According to new data from VLSI Research, semiconductor equipment numbers remain unsteady, but ICs keep chugging along.
Worldwide manufacturers of semiconductor equipment posted a book-to-bill ratio of 1.02 in September, up from August’s revised 0.94 and equaling July’s 1.02, according to VLSI. August’s book-to-bill had originally been estimated at 1.00, which would have made September the third consecutive month at or above parity.
Equipment manufacturers posted bookings of $3.47 billion and billings of $3.39 billion in September, up considerably from August’s revised totals of $2.00 billion and $2.12 billion. Of the total billings, $1.81 billion were for wafer-processing equipment, $863 million for test and related equipment, $256 million for assembly, and $461 million for service and spares. The first two categories were down slightly in September, after being substantially higher from July to August. However, assembly and service and spares, which were both lower in August, saw significant month-to-month gains in September (79% and 57%, respectively).

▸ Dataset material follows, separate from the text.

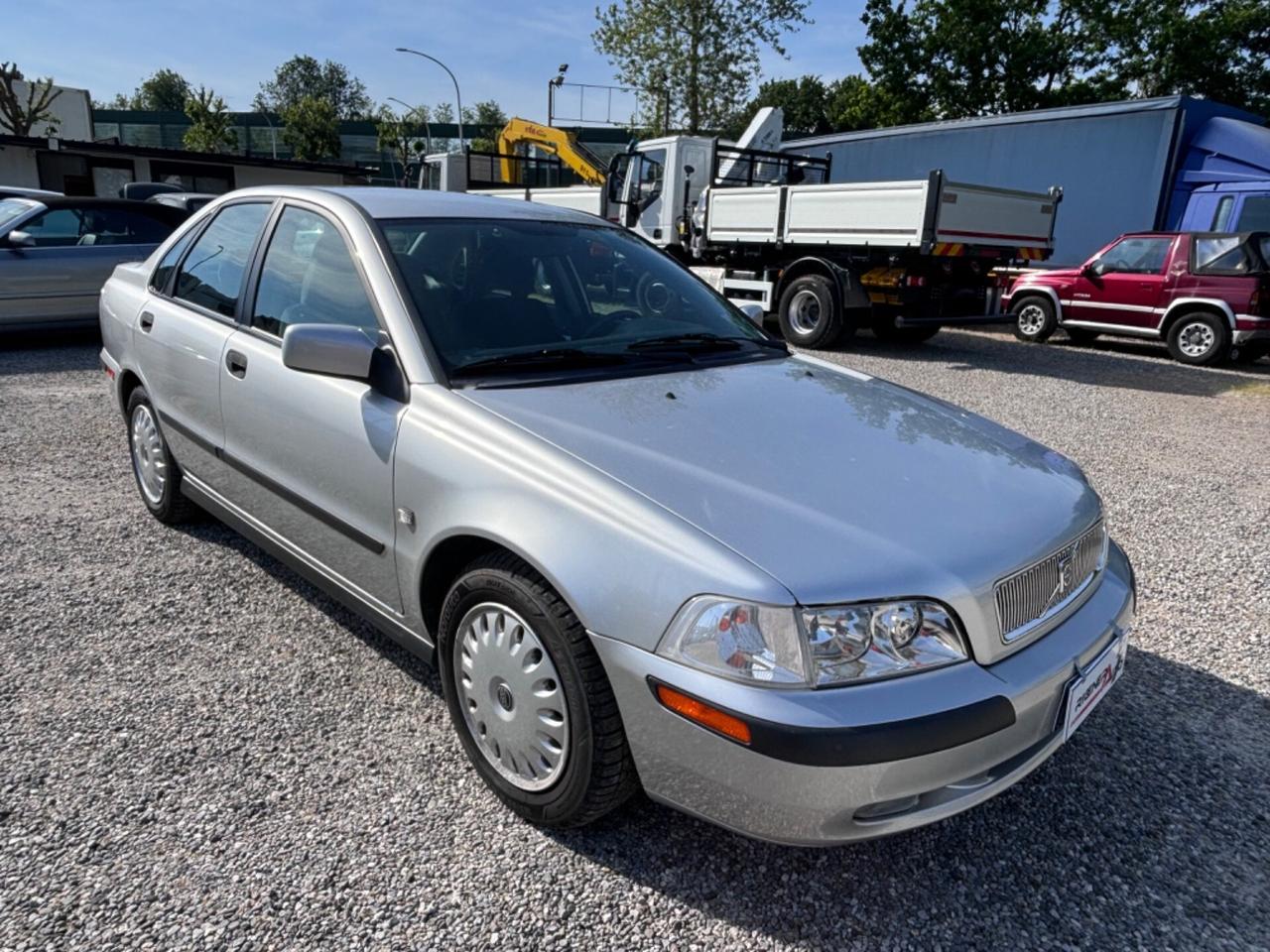Volvo V40 S40 1.8 16V cat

“The September B:B ratio represents a significant improvement,” stated VLSI, “but the big picture shows it is holding flat.” September’s bookings were identical to March 2003, and August’s bookings were below that of May, indicating that “the order momentum is gone,” VLSI warned.
If the environment seems cloudy for semiconductor-equipment makers, the skies continue to brighten for chipmakers. The three-month average of worldwide IC bookings in September achieved its highest level in 2003 at $13.60 billion, up 11% from August’s $12.18 billion and up 43% from September 2002. Worldwide IC billings were at $12.20 billion, compared with $11.08 in August and $10.29 billion in July. The three-month IC book-to-bill ratio rose to 1.11 in September, up from August’s 1.08.
Overall, front-end capacity utilization topped 90.3% in September, up from a revised 86.3% in August and 85.4% in July. Utilization was near 95% for 130nm and below.
VLSI’s forecast for the equipment industry remains unchanged: 2003 revenues of $30.2 billion, a 1.8% improvement from 2002, and 2004 revenues of $35.6 billion, a 18.0% gain from this year. But once again VLSI has raised its IC revenue projections, from $135.6 billion in 2003 to $137.3 billion (a 14% improvement from 2002), while 2004 revenues are now projected to rise 22.1% to $167.7 billion.